The plaintiff concedes that a contract for the purchase and sale of securities or other commodities, when all parties intend that no actual purchase or sale shall be made but when the time of performance arrives settlement shall be made by payment of differences between the market price and the contract price, is a wagering contract, illegal and void. This admission is required by Northrup v. Buffington, 171 Mass. 468, Lyons v. Coe, 177 Mass. 382, 383, 384, Rice v. Winslow, 182 Mass. 273, 275, Beers v. Wardwell, 198 Mass. 236, 239, and Bazirgan v. Arnold & Sears, Inc., 275 Mass. 207, 215-216. It also concedes rightly that even the purchase of securities or other commodities may not save the contract from the taint of illegality if the contract be such that delivery shall never be required but the purchases and sales shall be set off against each other and the principal receive the profits or make good the losses. Harvey v. Merrill, 150 Mass. 1. Barnes v. Smith, 159 Mass. 344, 347. Gibney v. Olivette, 196 Mass. 294. Bazirgan v. Arnold & Sears, Inc., 275 Mass. 207. The plaintiff further admits that no one knowingly participating in a transaction intended to accomplish a purpose forbidden by law can bring an action and recover for any cause directly connected with the illegality. Foster v. Thurston, 11 Cush. 322, 323. Haller v. Workingmen’s Co-operative Bank, 263 Mass. 37, 38, 39. See also Gibney v. Olivette, 196 Mass. 294, 295, where it *433is said that “one who has advanced or lent money, to be used in an illegal transaction ... is an aider and abettor of a wrong . . . remediless if he seeks to recover the amount advanced.” The defendants concede that buying stock on margin is not per se illegal.

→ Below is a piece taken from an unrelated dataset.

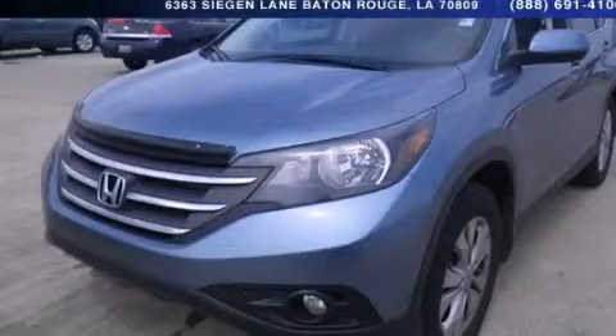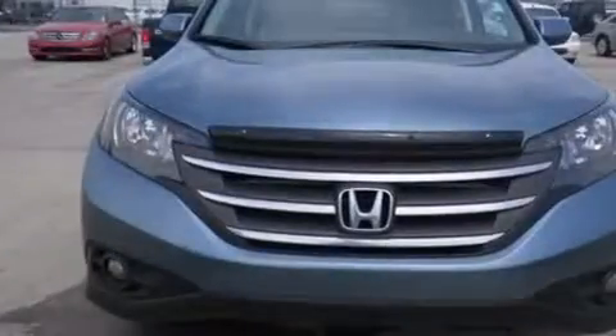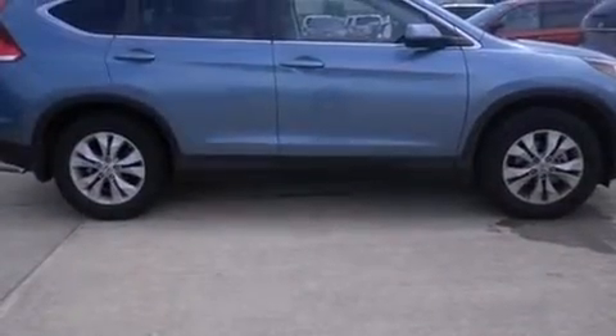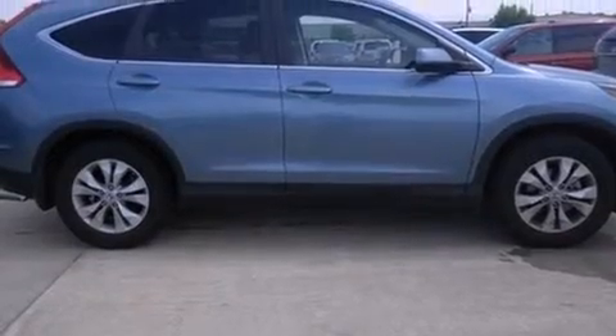This is a 2013 Honda CR-V, a car-like ride in a space like an SUV. It features a 2.4-liter, 4-cylinder engine and a 5-speed automatic transmission.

The fact that stock so bought is not delivered at any time by the broker, as here, was evidence of greater or less weight that the parties to the purchase and sale were concerned merely with speculative gains or losses, depending upon the rise and fall of the stock market. In view of the special finding of the trial judge, quoted in full, the only question here to be decided is, Does the contract printed in the report, read in the light of the circumstances present at its execution, import in the reasonable construction of its terms an intention by the parties to it to engage in a contract of wager prohibited by the common law or by statute? The burden of proof to establish illegality is upon the defendants. We are of opinion that the contract in terms does not contemplate any violation of law. The trial judge to arrive at the conclusion reached by him must have found that the testimony of the defendant was not credible. His finding was one of fact, arrived at after seeing the only witness, the defendant, and hearing his testimony. His conclusion cannot be said to have been wrong. Rejecting the testimony of the defendant in support of his contentions and answer of illegality in the contract and in the performance of it, we think that the finding of the trial judge on the evidence was right. We find nothing in the contention of the defendants that the case falls within the provisions of G. L. (Ter. Ed.) c. 140, § 90, nor in their contention that the note in suit has been paid.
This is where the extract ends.